Please read the records below and return each line holding the string "Birthday".

### Short web captions
————————
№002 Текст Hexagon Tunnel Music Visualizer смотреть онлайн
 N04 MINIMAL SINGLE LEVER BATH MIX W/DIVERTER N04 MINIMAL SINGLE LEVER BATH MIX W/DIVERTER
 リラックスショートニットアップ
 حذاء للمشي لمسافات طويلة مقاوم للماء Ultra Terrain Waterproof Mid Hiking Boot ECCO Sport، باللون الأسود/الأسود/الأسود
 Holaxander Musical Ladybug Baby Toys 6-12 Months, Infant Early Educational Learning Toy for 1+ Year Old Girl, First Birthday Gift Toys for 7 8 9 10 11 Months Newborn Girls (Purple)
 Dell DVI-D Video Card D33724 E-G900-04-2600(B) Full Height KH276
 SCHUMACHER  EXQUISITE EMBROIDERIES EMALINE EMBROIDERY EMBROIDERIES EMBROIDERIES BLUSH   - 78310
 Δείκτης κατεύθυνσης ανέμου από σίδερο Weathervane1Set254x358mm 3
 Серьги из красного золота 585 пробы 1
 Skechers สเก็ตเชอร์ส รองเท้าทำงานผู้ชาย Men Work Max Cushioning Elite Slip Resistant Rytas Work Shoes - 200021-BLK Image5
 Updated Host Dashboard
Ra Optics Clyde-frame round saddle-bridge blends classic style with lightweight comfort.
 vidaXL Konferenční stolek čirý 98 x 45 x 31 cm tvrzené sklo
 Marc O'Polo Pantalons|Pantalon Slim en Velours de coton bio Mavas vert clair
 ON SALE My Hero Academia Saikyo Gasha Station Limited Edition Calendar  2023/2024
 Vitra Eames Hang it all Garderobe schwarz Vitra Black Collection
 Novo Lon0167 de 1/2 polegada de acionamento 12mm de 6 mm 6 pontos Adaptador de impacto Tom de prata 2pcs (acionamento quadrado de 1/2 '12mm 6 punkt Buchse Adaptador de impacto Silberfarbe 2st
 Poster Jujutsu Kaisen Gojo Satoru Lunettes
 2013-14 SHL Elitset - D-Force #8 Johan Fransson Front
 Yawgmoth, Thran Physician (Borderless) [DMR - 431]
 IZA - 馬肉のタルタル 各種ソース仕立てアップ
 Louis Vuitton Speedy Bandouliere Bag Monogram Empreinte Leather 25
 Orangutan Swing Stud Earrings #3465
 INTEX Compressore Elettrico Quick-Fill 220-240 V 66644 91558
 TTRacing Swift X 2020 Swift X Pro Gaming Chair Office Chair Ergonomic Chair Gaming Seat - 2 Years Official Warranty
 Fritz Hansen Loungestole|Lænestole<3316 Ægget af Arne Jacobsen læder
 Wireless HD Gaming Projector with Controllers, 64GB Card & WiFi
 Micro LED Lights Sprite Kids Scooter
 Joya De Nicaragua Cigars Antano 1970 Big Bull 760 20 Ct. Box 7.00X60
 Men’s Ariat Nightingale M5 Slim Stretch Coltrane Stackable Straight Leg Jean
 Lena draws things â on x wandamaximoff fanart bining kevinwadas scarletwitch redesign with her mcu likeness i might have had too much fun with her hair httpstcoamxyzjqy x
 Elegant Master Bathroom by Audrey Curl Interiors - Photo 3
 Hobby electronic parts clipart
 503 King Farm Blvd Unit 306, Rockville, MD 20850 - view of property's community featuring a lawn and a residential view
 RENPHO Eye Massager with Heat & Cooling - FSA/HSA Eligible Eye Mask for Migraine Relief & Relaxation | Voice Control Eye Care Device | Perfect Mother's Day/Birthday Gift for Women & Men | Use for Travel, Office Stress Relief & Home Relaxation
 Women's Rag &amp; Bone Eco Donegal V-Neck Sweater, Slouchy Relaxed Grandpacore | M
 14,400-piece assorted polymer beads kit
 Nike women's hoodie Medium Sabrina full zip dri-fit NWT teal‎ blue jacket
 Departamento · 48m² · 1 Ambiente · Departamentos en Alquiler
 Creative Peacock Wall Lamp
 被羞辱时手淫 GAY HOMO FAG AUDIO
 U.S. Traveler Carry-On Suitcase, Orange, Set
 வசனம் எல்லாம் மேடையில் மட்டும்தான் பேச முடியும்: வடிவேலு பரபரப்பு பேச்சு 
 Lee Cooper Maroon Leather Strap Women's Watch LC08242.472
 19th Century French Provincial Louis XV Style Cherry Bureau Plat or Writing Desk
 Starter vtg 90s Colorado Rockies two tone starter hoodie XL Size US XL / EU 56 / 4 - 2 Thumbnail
————————
### WRITTEN ANSWER
 Holaxander Musical Ladybug Baby Toys 6-12 Months, Infant Early Educational Learning Toy for 1+ Year Old Girl, First Birthday Gift Toys for 7 8 9 10 11 Months Newborn Girls (Purple)
 RENPHO Eye Massager with Heat & Cooling - FSA/HSA Eligible Eye Mask for Migraine Relief & Relaxation | Voice Control Eye Care Device | Perfect Mother's Day/Birthday Gift for Women & Men | Use for Travel, Office Stress Relief & Home Relaxation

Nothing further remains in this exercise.